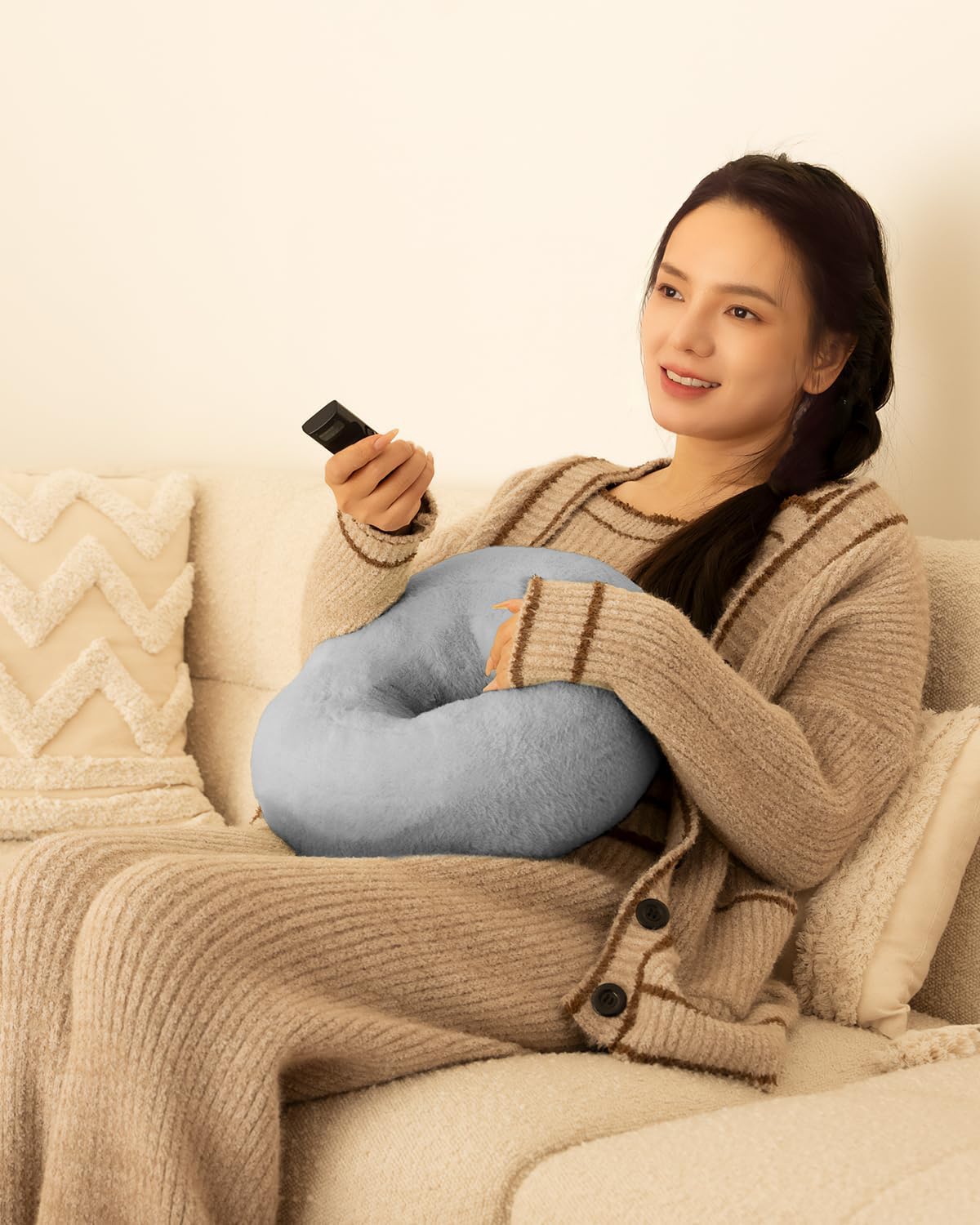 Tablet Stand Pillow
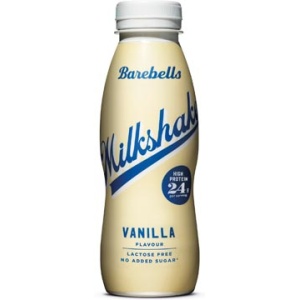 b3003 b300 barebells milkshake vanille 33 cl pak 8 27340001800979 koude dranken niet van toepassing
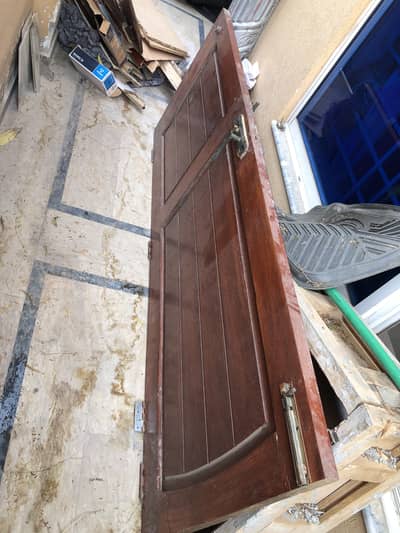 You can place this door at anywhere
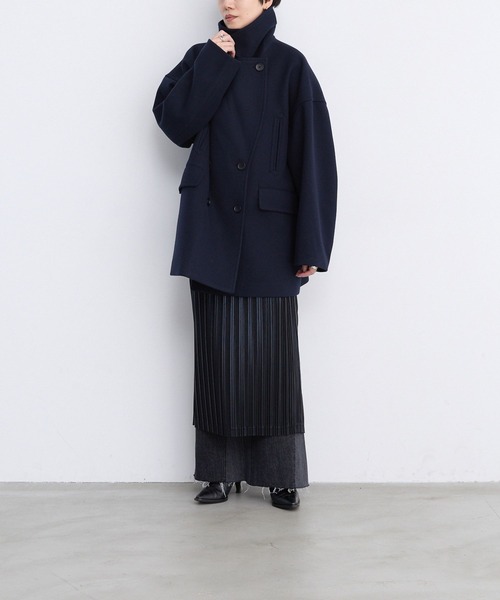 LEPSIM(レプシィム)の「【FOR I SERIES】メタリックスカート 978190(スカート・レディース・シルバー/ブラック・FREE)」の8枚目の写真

## [Your objective]
Repeat only the lines from the one with "b3003 b300 barebells" through the end of the data, both included and exactly as written. Pictures stay out of the copy.

## [Answer box]
 b3003 b300 barebells milkshake vanille 33 cl pak 8 27340001800979 koude dranken niet van toepassing
 You can place this door at anywhere
 LEPSIM(レプシィム)の「【FOR I SERIES】メタリックスカート 978190(スカート・レディース・シルバー/ブラック・FREE)」の8枚目の写真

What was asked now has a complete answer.